Katy Lee ’17 was awarded the fourth annual Axinn Foundation/Anna Quindlen Award for Creative Writing. The prize is awarded annually to a graduating senior, who receives $25,000 to support her creative writing. It is given by the Joan F. and Donald E. Axinn Foundation in recognition of Pulitzer Prize-winning author Anna Quindlen ’74, her outstanding contribution to American life and letters, and her sustained support for the education and development of young people. The Axinn Award was presented by Interim President Rob Goldberg, Provost Linda Bell, and Millicent C. McIntosh Professor in English and Writing Mary Gordon at a reception on campus on April 5.

 

The Boston-born Lee, who grew up in a small town in Northern California, is an English major with a concentration in creative writing. Her influences in fiction and poetry are Isaac Babel, Elizabeth Bishop, John Keats, Bernard Malamud, Lorrie Moore, Tilly Olsen, Grace Paley, and Katherine Anne Porter. This semester, she is writing her thesis on Isaac Babel and several of his contemporary Russian literary theorists. After graduation she plans to go to nursing school and continue to write short stories. Her work has appeared in Narrative Magazine as “Story of the Week” and in the Whitefish Review.

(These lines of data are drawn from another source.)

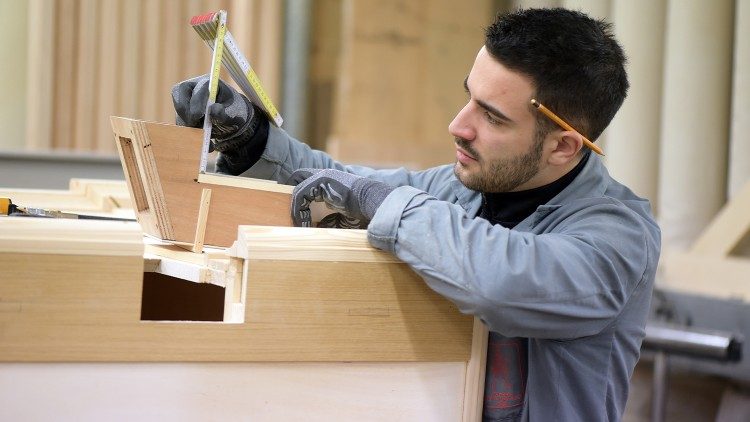 Студэнт Школы мастацтваў і рамёстваў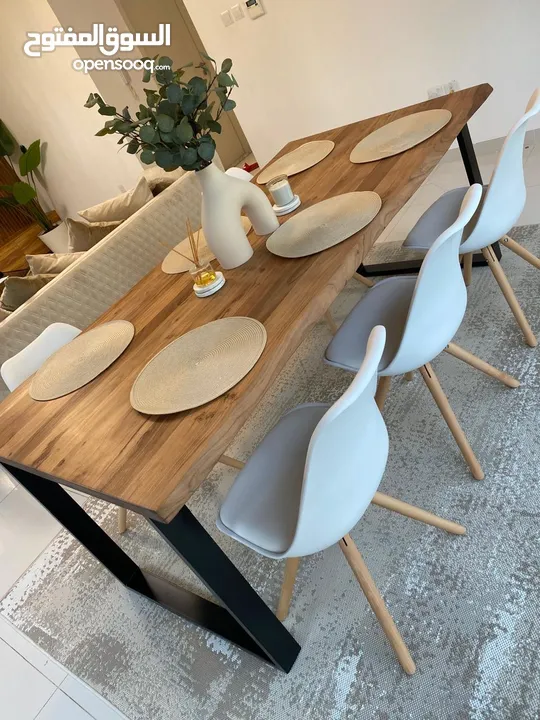 Wooden dinning Table for 6 seaters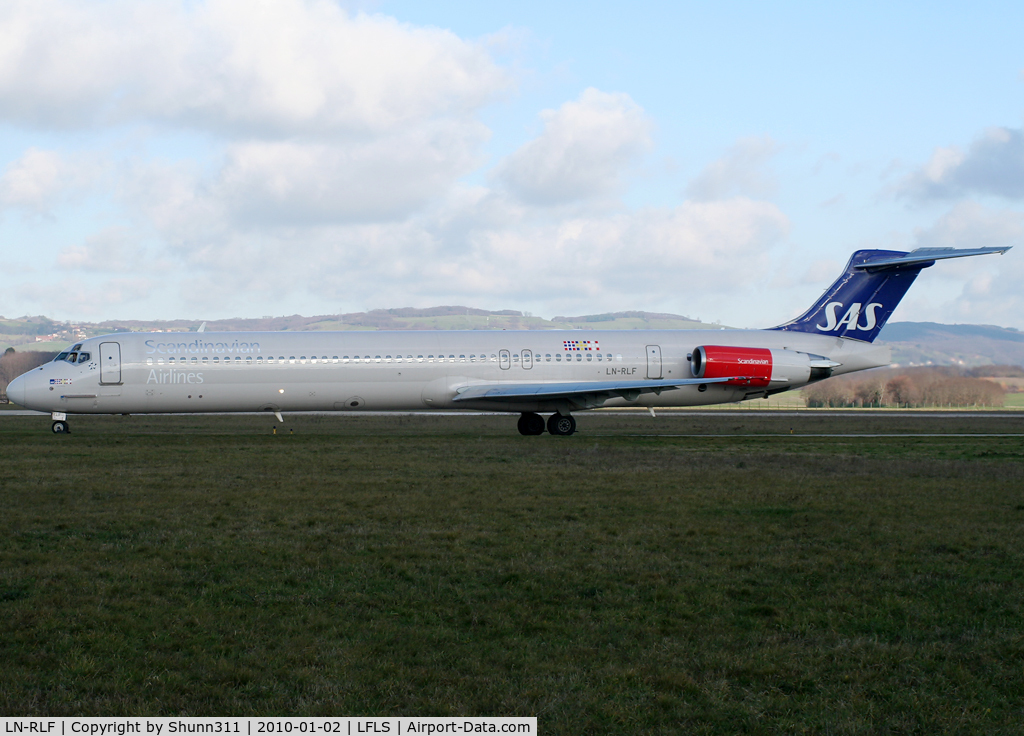 LN-RLF, 1985 McDonnell Douglas MD-82 (DC-9-82) C/N 49383, Lining up rwy 09 for departure...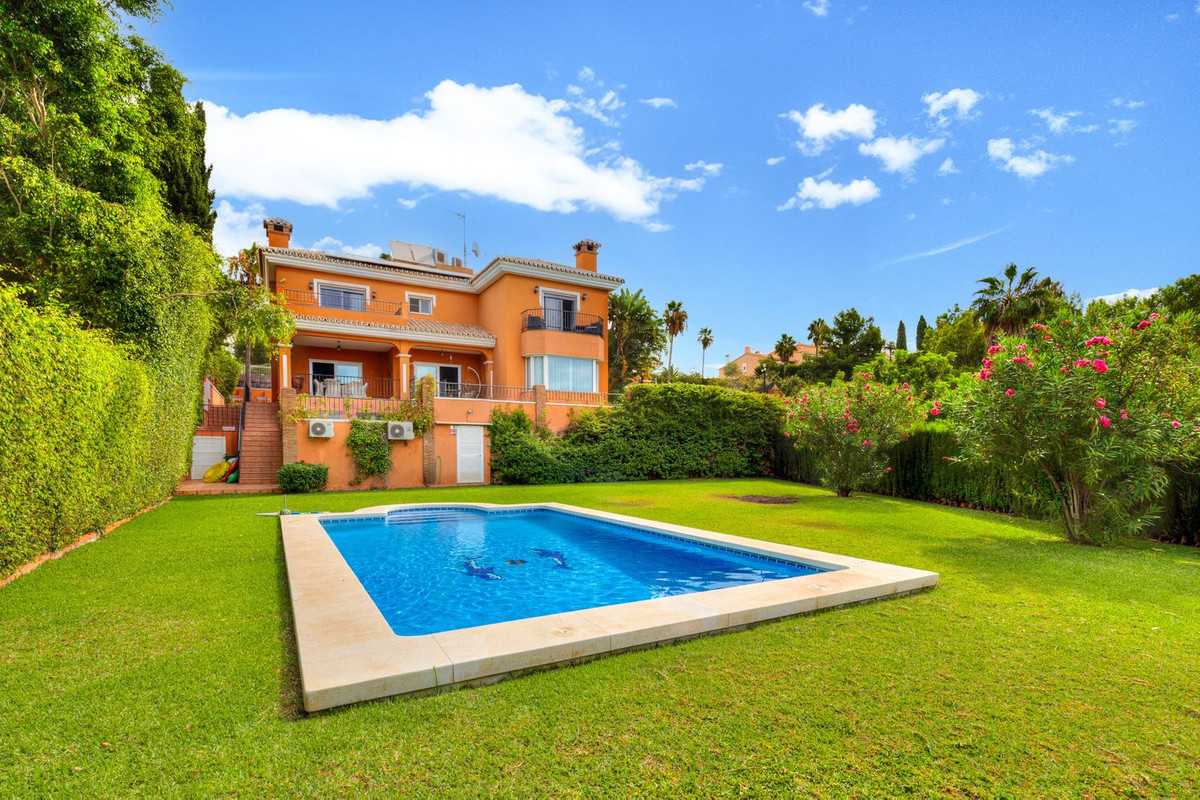 Villa for sale in Benalmadena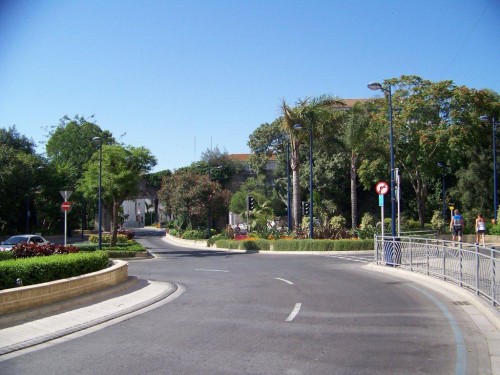 100_8230_Gibraltar Les rues sont nickel chrome.jpg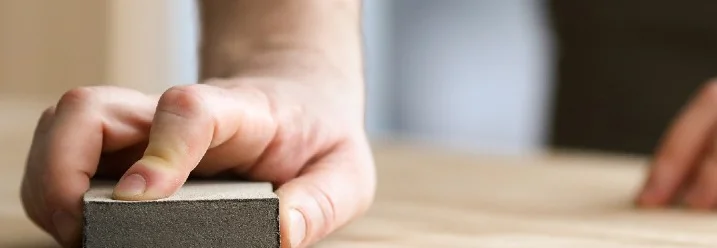 Hand schleift Holzplatte mit Schleifklotz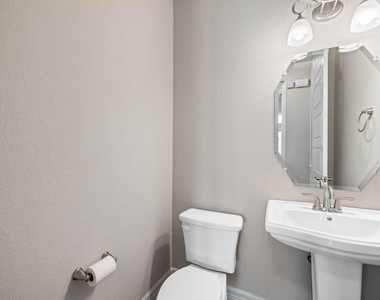 4205 Lynette Ln - Photo Thumbnail 14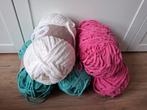 5 bollen Alison & Mae chenille garen 300 gram, Hobby en Vrije tijd, Ophalen of Verzenden, Nieuw, Breien of Haken, Wol of Garen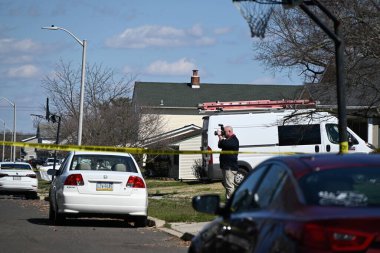 Dedektifler Falls Township, Pennsylvania 'daki Edgewood Lane' de Levittown, Pensilvanya 'da bir evde çalışıyorlar. 16 Mart 2024, Falls Township, Pennsylvania, ABD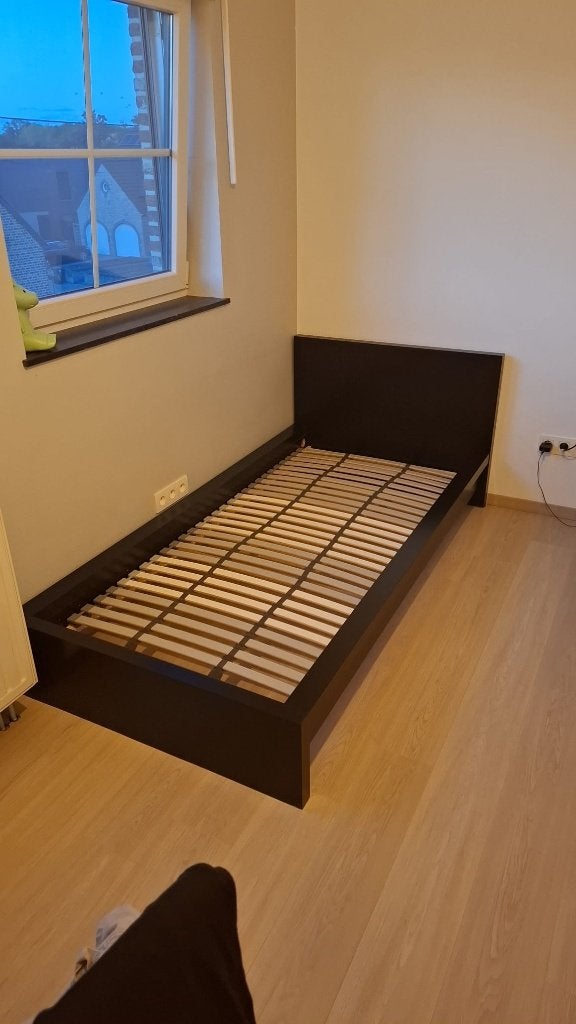 Bed 90 x 200 cm Gratis Ikea MALM (Zonder lattoflex), Huis en Inrichting, Ophalen, Gebruikt, 90 cm, Eenpersoons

“There is a line from a Philip Larkin poem titled ‘And the Wave Sings Because it is Moving’ that reads, ‘Laments, years, wreaths, rocks all ridden down/ by the shout of the heart continually at work/to break with beating all our false devises.’ When I write I always go for that ‘shout of the heart,’” says Lee. “I aim for it in the style and rhythm of a sentence or sound of word, but more broadly, I require it to force myself to write every day. I write for two to three hours a day. After those hours, I often scrap everything but a few sentences, so clearly I need all the time I can get. The Quindlen/Axinn grant will allow me to keep that chunk of time; not much is more important to me than that.”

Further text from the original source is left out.